What you are asked to do
Every word in the data below belongs in your copy, exactly as given; the pictures do not.

Dataset content
------------------------------------------------------------
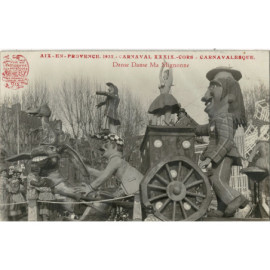 CPA - Carnaval d'Aix -...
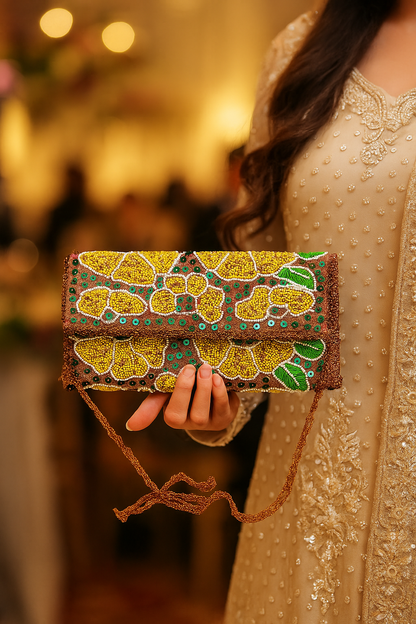Zevar-e-Khuwab – Handmade Bridal Clutch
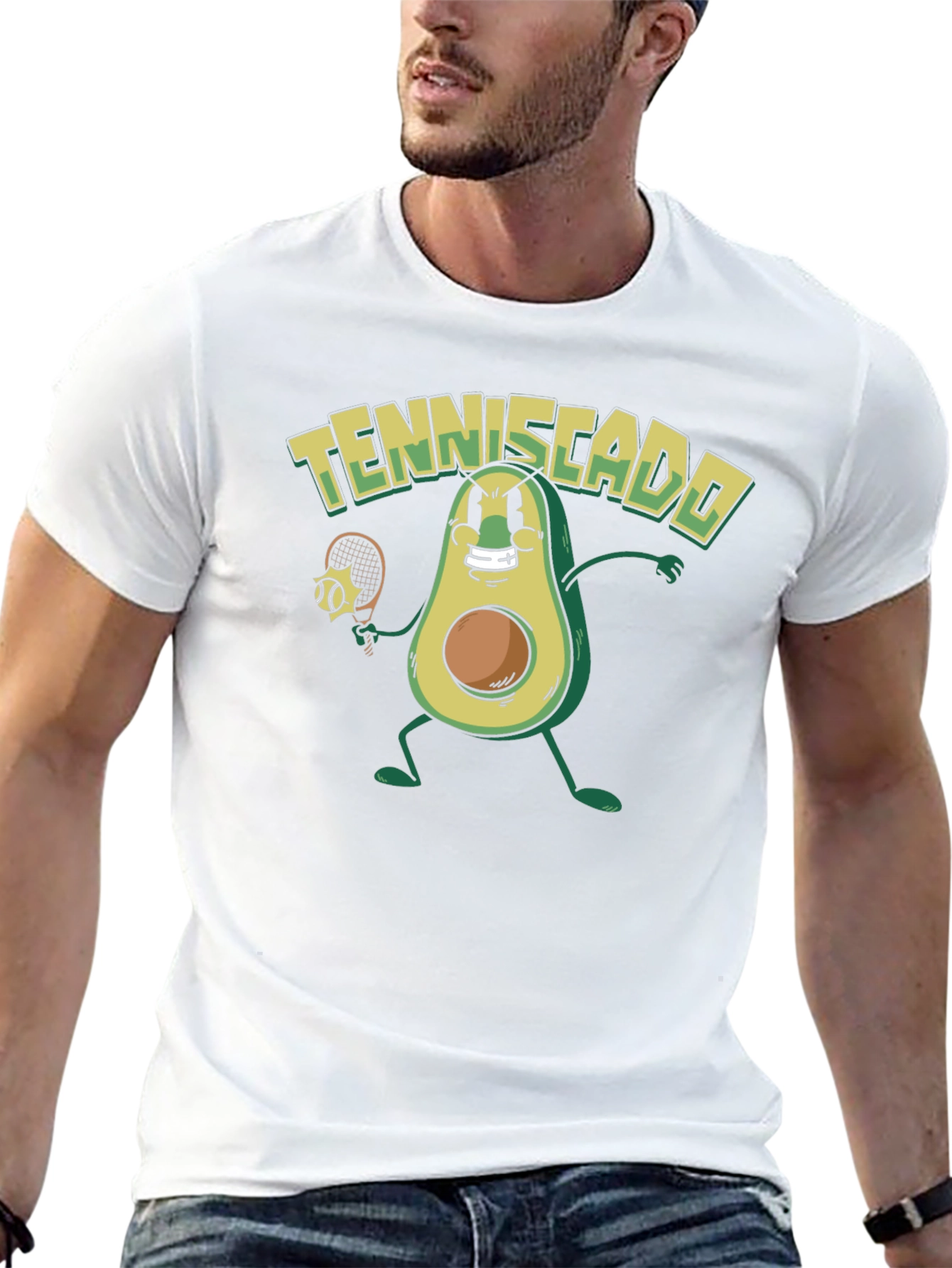 Tenniscado Funny Avocado Tennis T-Shirt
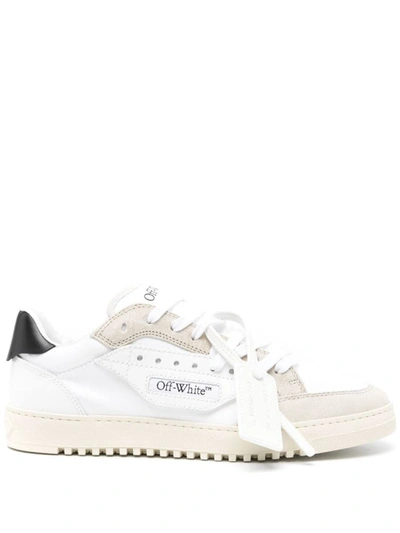 Off-white 5.0 Low-top Sneakers In White,black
------------------------------------------------------------
Task answer
 CPA - Carnaval d'Aix -...
Zevar-e-Khuwab – Handmade Bridal Clutch
 Tenniscado Funny Avocado Tennis T-Shirt
 Off-white 5.0 Low-top Sneakers In White,black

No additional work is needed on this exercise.